"The TSA, to me, gives credible assurances that that isn't going to happen," said Cathal "Irish" Flynn, a former FAA associate administrator for security who now runs his own consulting firm. "Could there be mistakes? Yes, I suppose so. But as I listen to them, they seem determined not to let that happen."
John DiScala, a blogger known as Johnny Jet, said the TSA should take note of this release and be careful.
"They need to realize if this was them, heads would roll. They need to do everything in their power -- and I mean everything -- to prevent this from happening," DiScala said. "There's already a grassroots effort to ban these machines when just a year ago almost everybody wanted them. It just shows how many people are comfortable with their bodies or being touched. It's a real fine line and they've only got one shot at this."
The full-body scanners, formally known as Advanced Imaging Technology, provide security screeners with what are essentially nude images of travelers. To ensure privacy, the TSA says, faces are blurred and the images are deleted once the TSA officer determines that the passenger is not a threat. The person viewing the images is in a remote location and communicates with the on-site officer via radio.
Passengers worried that their nude photos may end up on the Internet (or concerned about the radiation from the scanners) can opt to bypass the machines. But those travelers then must undergo a more-intrusive search, including the new patdown procedure in which a same-gender TSA agent touches the inside of passengers' inner thighs and women's breasts.
That new patdown alone has generated controversy as passengers, and even some pilots, have equated it with sexual assault. Pilot unions started to advise their members to have the patdown done in private.
Then, over the weekend, a 31-year-old software programmer was thrown out of San Diego International Airport after he got into an argument with a TSA screener about the new, more aggressive patdown.
"If you touch my junk, I'm going to have you arrested," John Tyner told the male screener. Tyner recorded audio of the whole 30-minute incident with the TSA on his cell phone's video camera, a video that has now had hundreds of thousands of hits on YouTube and been replayed on major television stations.
Despite the controversy, security experts say such searches are necessary to protect travelers.
"The patdown is unavoidably intrusive, embarrassing, uncomfortable, but it's an unfortunate price of security these days to keep the components of bombs off planes," Flynn said. "It's a dangerous world, and the probability of an attack on flights on any given day are extremely low, but the results of one such attack by the terrorists can be of course catastrophic."
"The patdowns in my option are necessary," said Jim Welna, who served as the chief of police at the Minneapolis-St.
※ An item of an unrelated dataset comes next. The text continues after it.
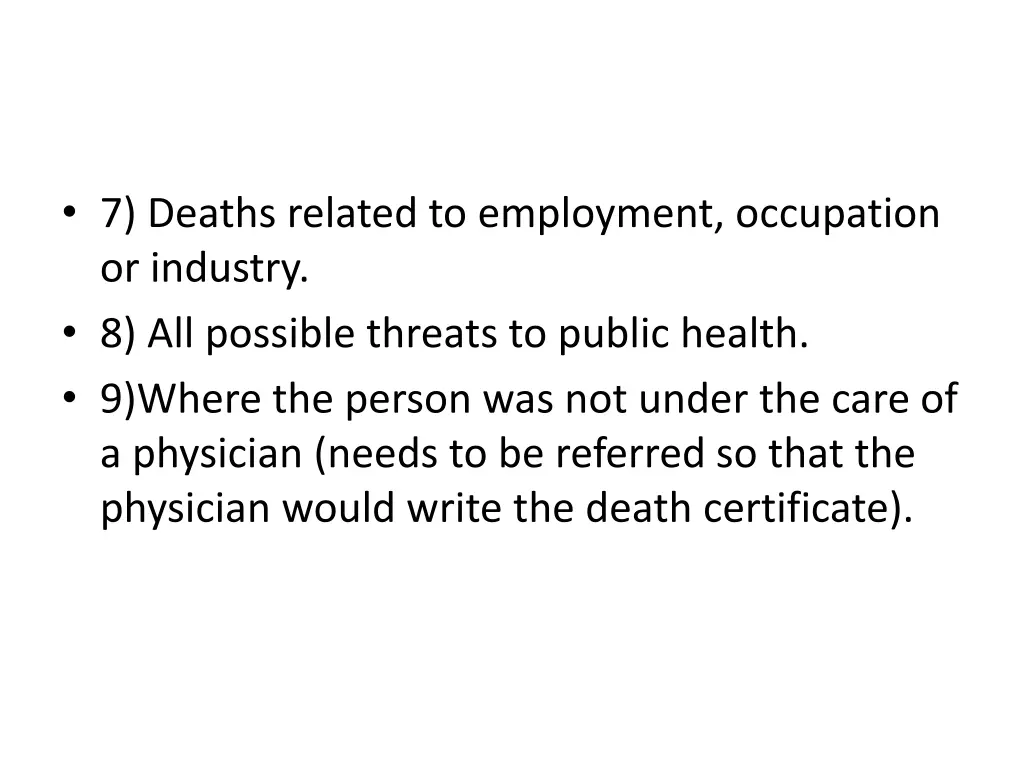 7 deaths related to employment occupation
Paul airport for 17 years and spent four years working for the TSA. "It's a very thorough search, but there isn't an alternative to it given how the current system works. The current system treats everybody as an equal threat."
Welna said America needs to adopt some aspects of the Israeli security model, where everybody gets some attention and then a few get lots of attention. When the same standard is applied to everybody, he said, "you've diluted your ability to be thorough."